- **YOUR INSTRUCTIONS**
Each entry must come back word for word; drop the images as you go.

- **DATA UNDER STUDY**
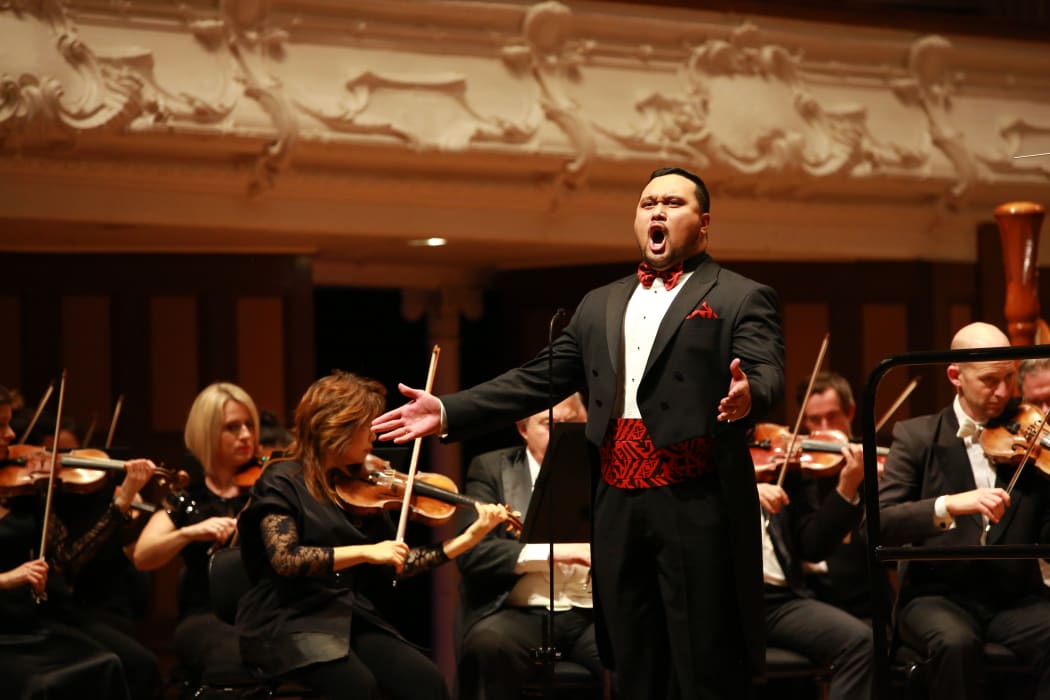 Joel Amosa singing at the 2018 Lexus Song Quest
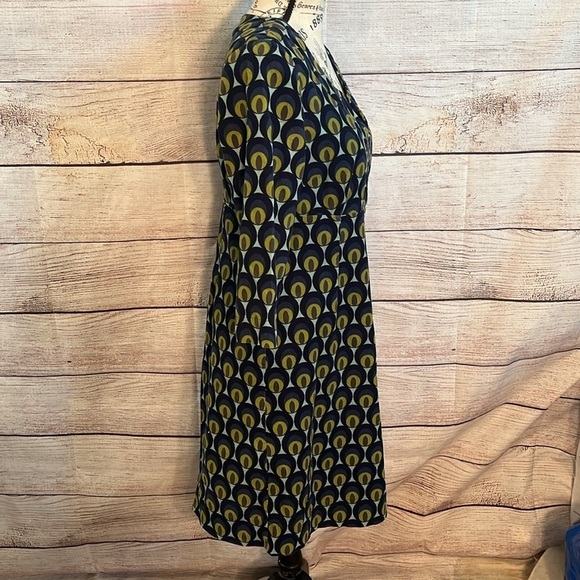 Boden Fine Corduroy Dress Peacock Print 3/4 Sleeves V-neck Size 6 - Picture 4 of 10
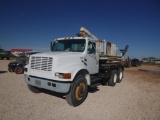 1995 International 4900 Truck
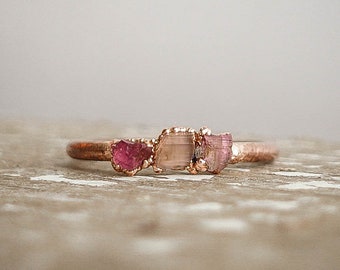Anello in rame con tormalina multistrato / pietra preziosa naturale / anello in pietra grezza / pezzo unico /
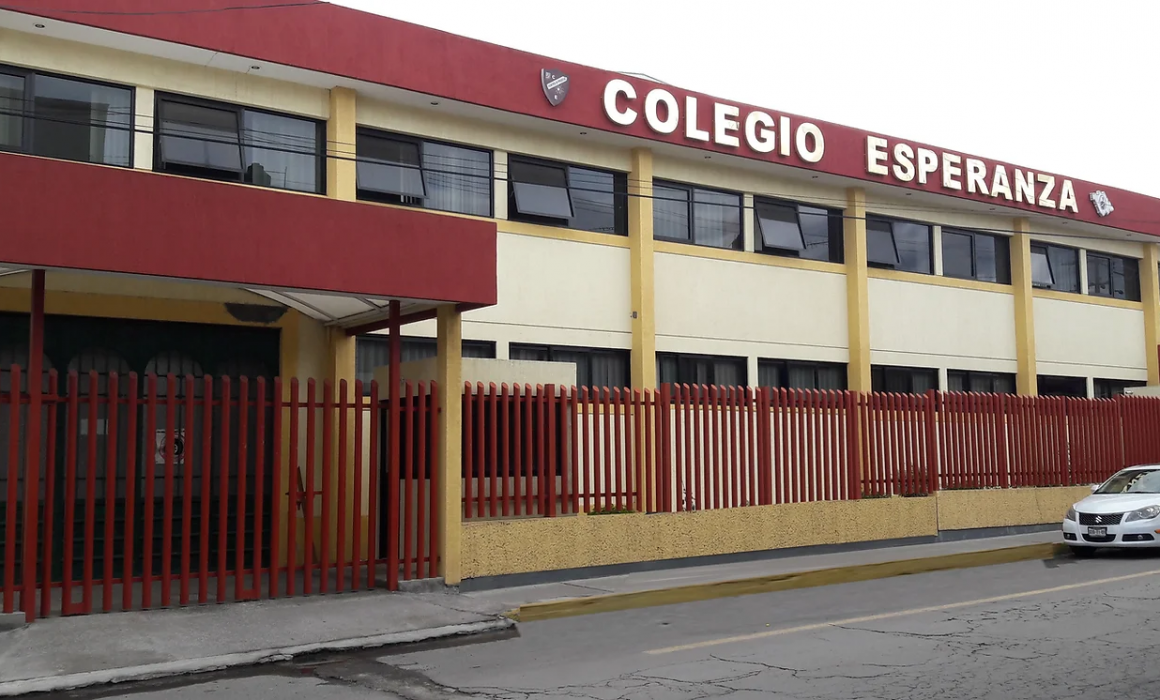 Llaman en Colegio Esperanza a arrancar hojas de libros de texto; Sepe investiga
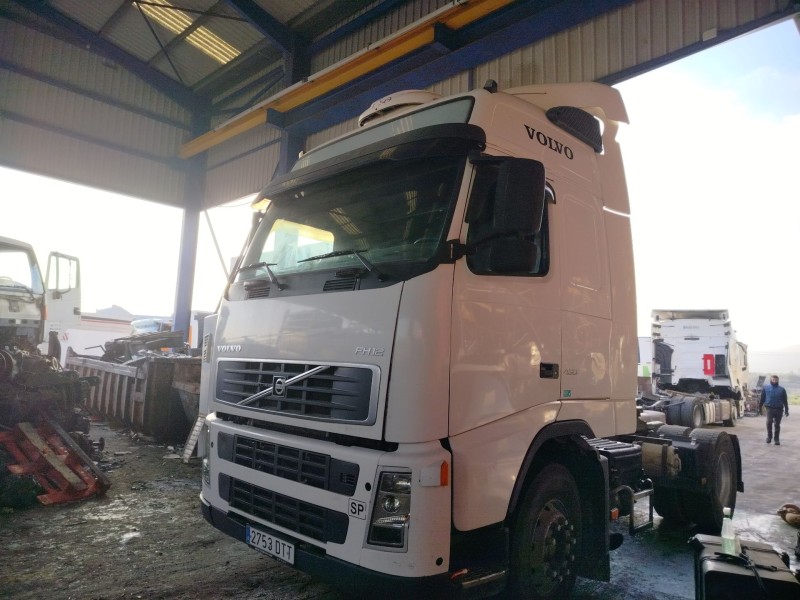 volvo fh 12 2002  del año 2005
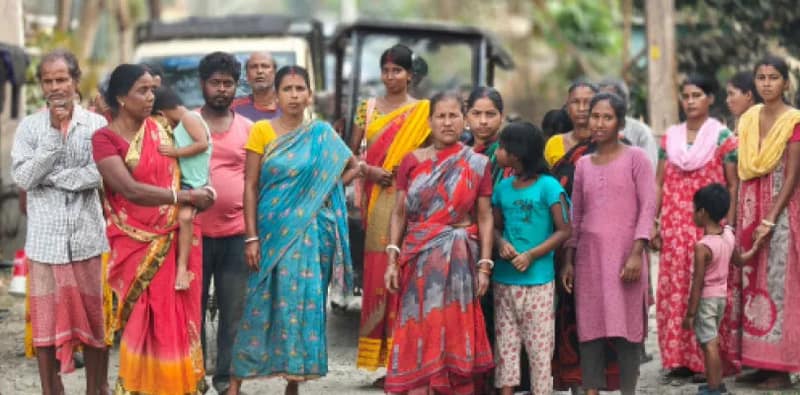 রাস্তা সংস্কারের দাবিতে অবরোধ গ্রামবাসীদের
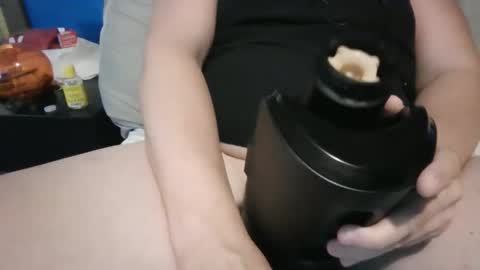 mlee_cam81 online show from November 5, 2025, 6:30 pm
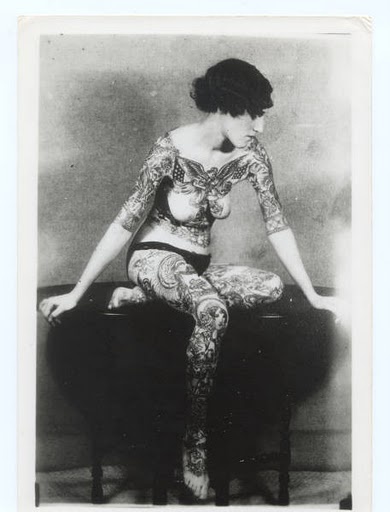 Damas tatuadas Jean Carroll 01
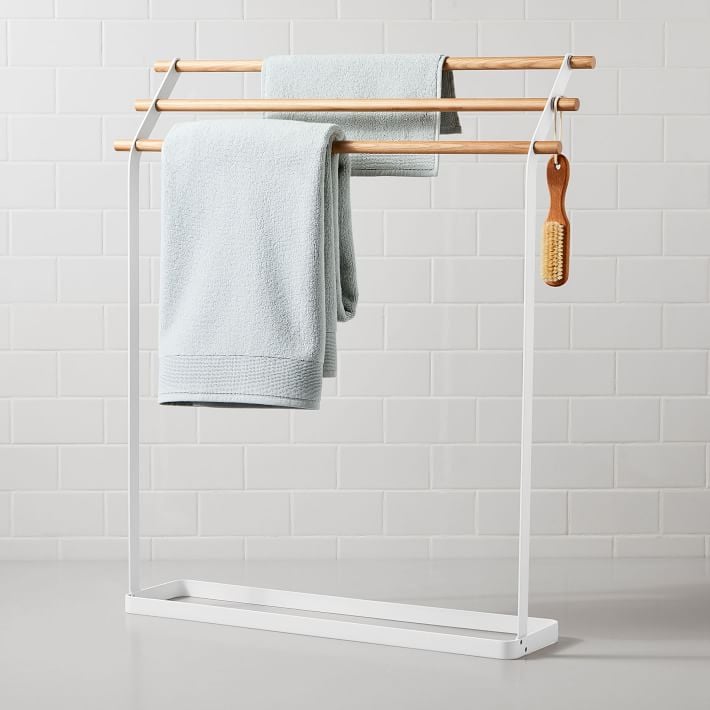 Yamazaki Standing Bath Towel Hanger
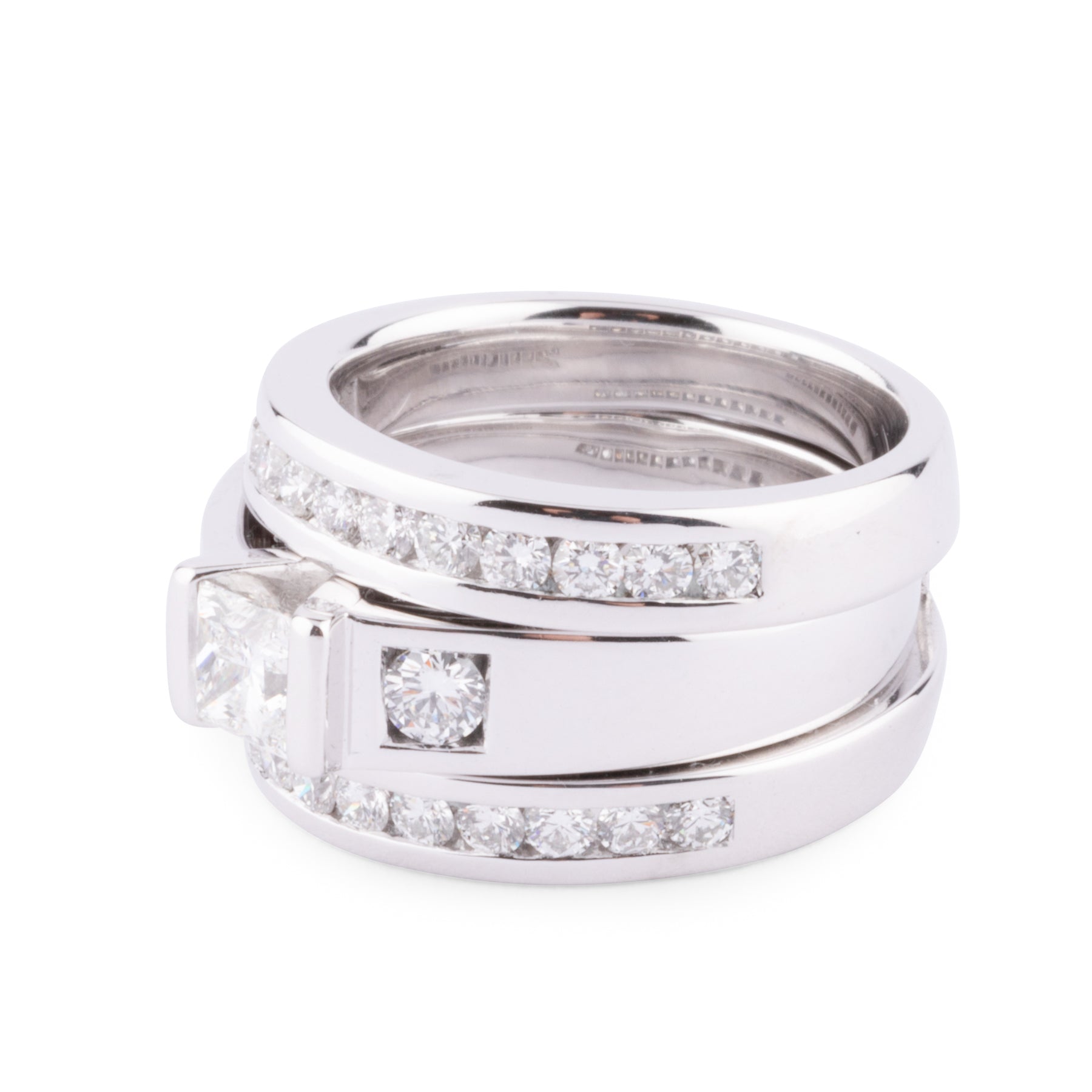 White gold and princess cut diamond ring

- **RESPONSE TO THIS EXERCISE**
 Joel Amosa singing at the 2018 Lexus Song Quest
 Boden Fine Corduroy Dress Peacock Print 3/4 Sleeves V-neck Size 6 - Picture 4 of 10
 1995 International 4900 Truck
Anello in rame con tormalina multistrato / pietra preziosa naturale / anello in pietra grezza / pezzo unico /
 Llaman en Colegio Esperanza a arrancar hojas de libros de texto; Sepe investiga
 volvo fh 12 2002  del año 2005
 রাস্তা সংস্কারের দাবিতে অবরোধ গ্রামবাসীদের
 mlee_cam81 online show from November 5, 2025, 6:30 pm
 Damas tatuadas Jean Carroll 01
 Yamazaki Standing Bath Towel Hanger
 White gold and princess cut diamond ring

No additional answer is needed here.